Science

DARPA to Build "Virtual Data Scientist" Assistants Through A.I.

A.I. will make up for the lack of data scientists. 

by William Hoffman
Getty Images / Spencer Platt

The Defense Advanced Research Projects Agency (DARPA) announced on Friday the launch of Data-Driven Discovery of Models (D3M), which aim to help non-experts bridge what it calls the “data-science expertise gap” by allowing artificial assistants to help people with machine learning. DARPA calls it a “virtual data scientist” assistant.

This software is doubly important because there’s a lack of data scientists right now and a greater demand than ever for more data-driven solutions. DARPA says experts project 2016 deficits of 140,000 to 190,000 data scientists worldwide, and increasing shortfalls in coming years.

For example, in order to construct a model for how different weather, school, location, and crime factors affect congestion for ride-sharing services in downtown Manhattan, a team of NYU students spent the equivalent of more than 90 months of work hours to complete the model.

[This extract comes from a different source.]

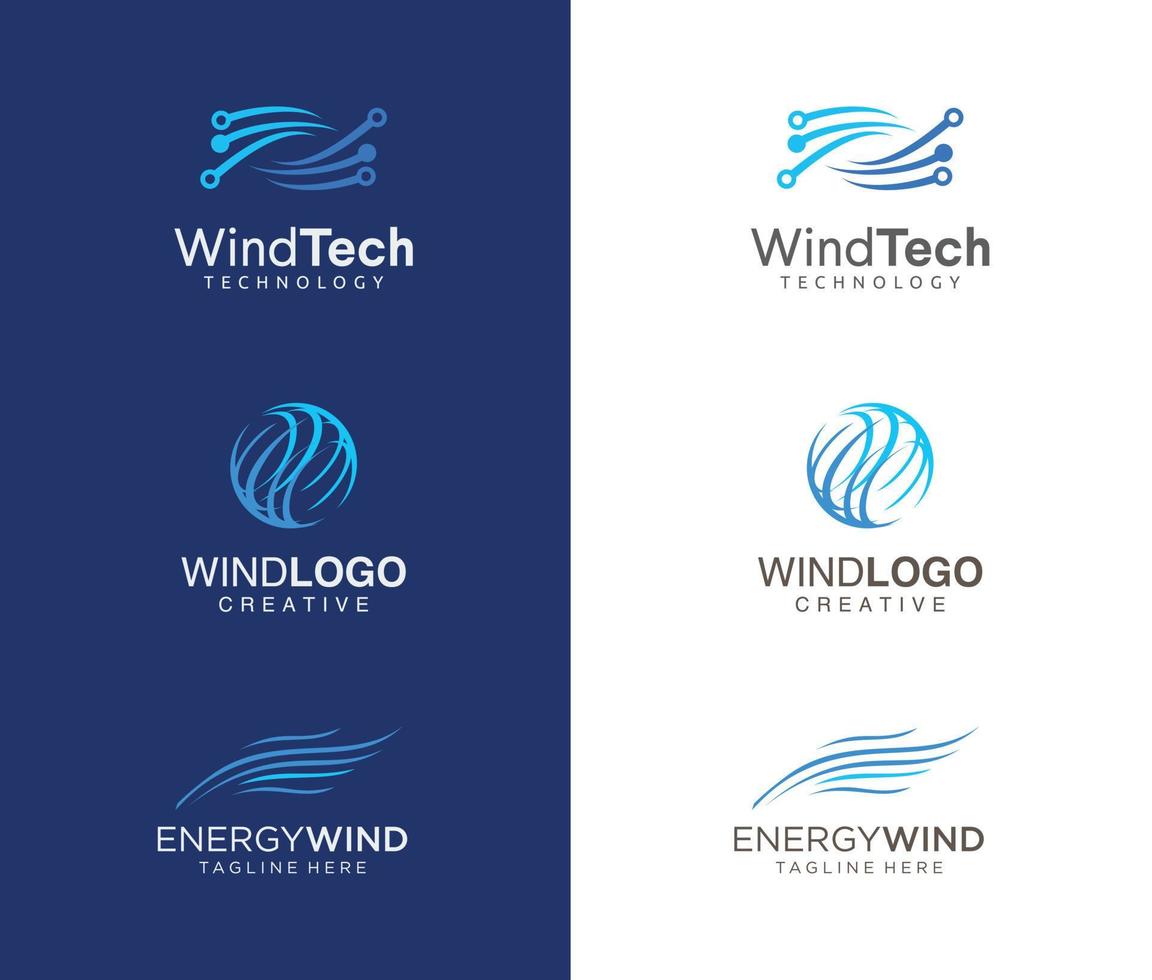 conjunto de logotipo de viento para el diseño de negocios ilustración vectorial de stock vector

DARPA sees problems just like this all the time and the D3M Program will strive to construct it to drastically reduce the time and expertise needed to make models like these in the future.

“The construction of empirical models today is largely a manual process, requiring data experts to translate stochastic elements, such as weather and traffic, into models that engineers and scientists can then ask questions of,” said Wade Shen, program manager in DARPA’s Information Innovation Office. “We believe it’s possible to automate certain aspects of data science, and specifically to have machines learn from prior example how to construct new models.”

This flowchart illustrates how the D3M A.I. might work. 

DARPA

As a defense agency, of course DARPA is also looking into how this A.I. could affect the battlefield and save more lives.

Google is already using its A.I. to do similar tasks such as Alphabet’s Sidewalk Labs’ partnership with the U.S. Department of Transportation’s Smart City Challenge, which aims to use data-collecting infrastructure to help ease congestion and parking in vying cities.

If smaller teams of data scientists and non-experts can use machine learning models to help identify problems in society, there will be more time for analysis of the data to actually implement solutions.

“Our ability to understand everything from traffic to the behavior of hostile forces is increasingly possible given the growth in data from sensors and open sources,” said Shen. “The hope is that D3M will handle the basics of model development so people can apply their human intelligence to look at data in new ways, and imagine solutions and possibilities that were not obvious or even conceivable before.”